* Task description
All lines below must be repeated exactly, with the pictures omitted.

* Supplied information
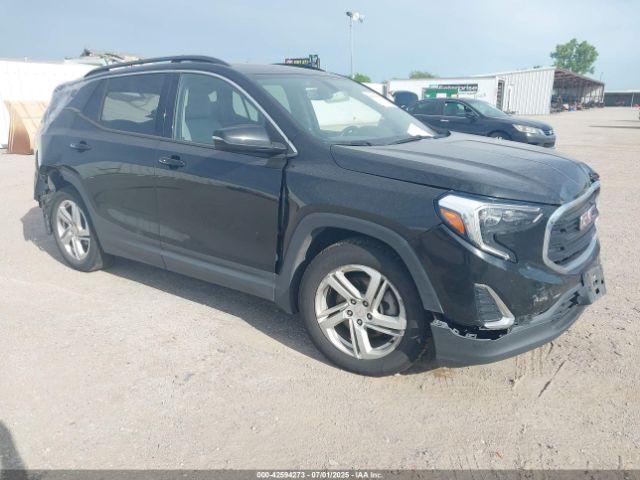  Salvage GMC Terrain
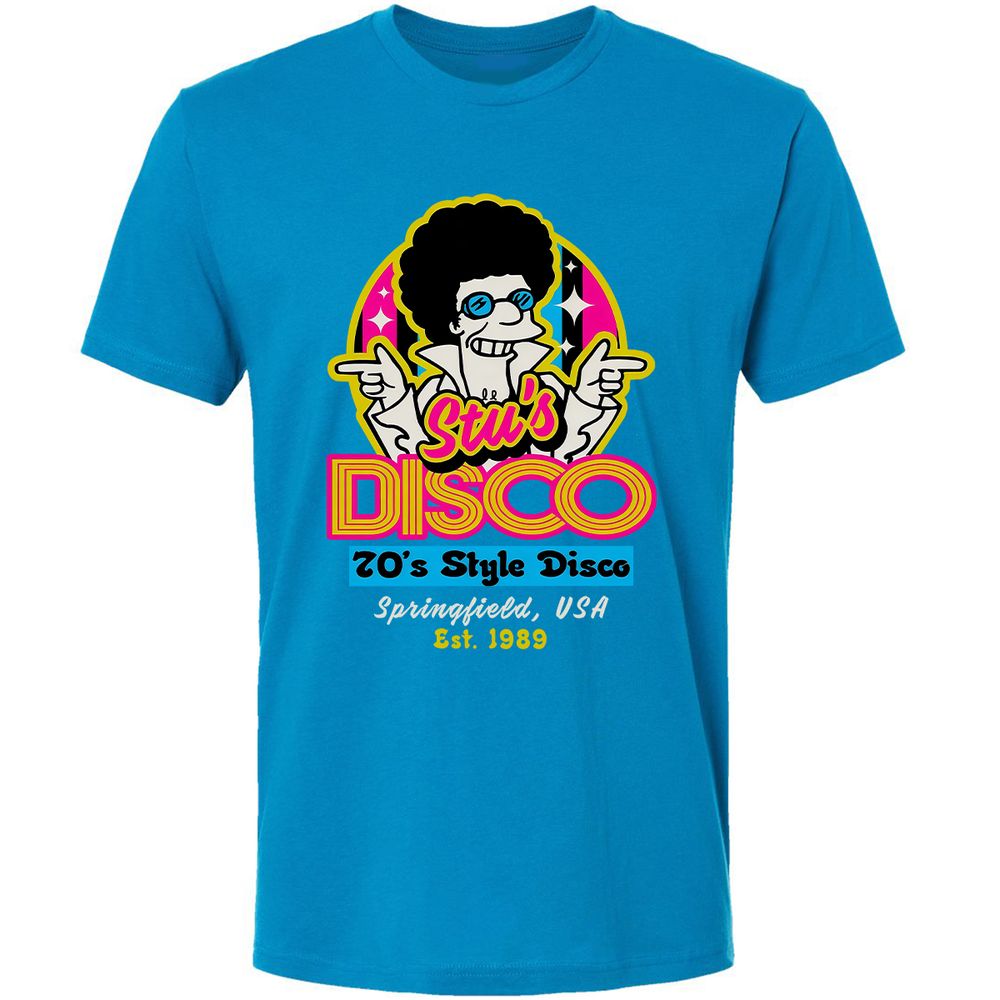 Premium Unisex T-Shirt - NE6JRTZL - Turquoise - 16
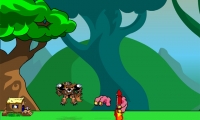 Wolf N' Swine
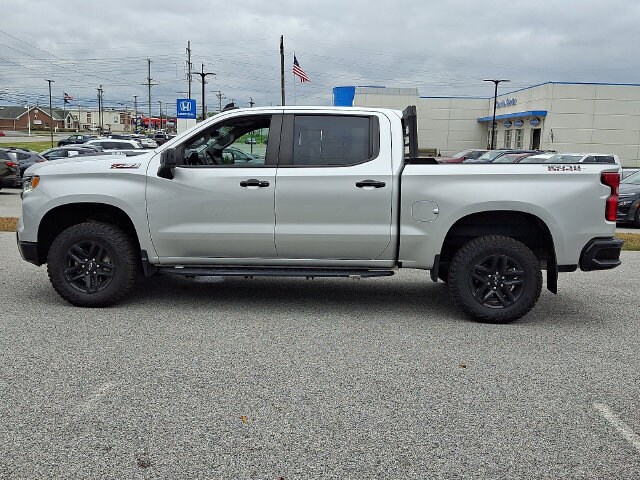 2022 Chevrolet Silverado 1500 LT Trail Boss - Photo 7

* Finished exercise
  Salvage GMC Terrain
 Premium Unisex T-Shirt - NE6JRTZL - Turquoise - 16
 Wolf N' Swine
 2022 Chevrolet Silverado 1500 LT Trail Boss - Photo 7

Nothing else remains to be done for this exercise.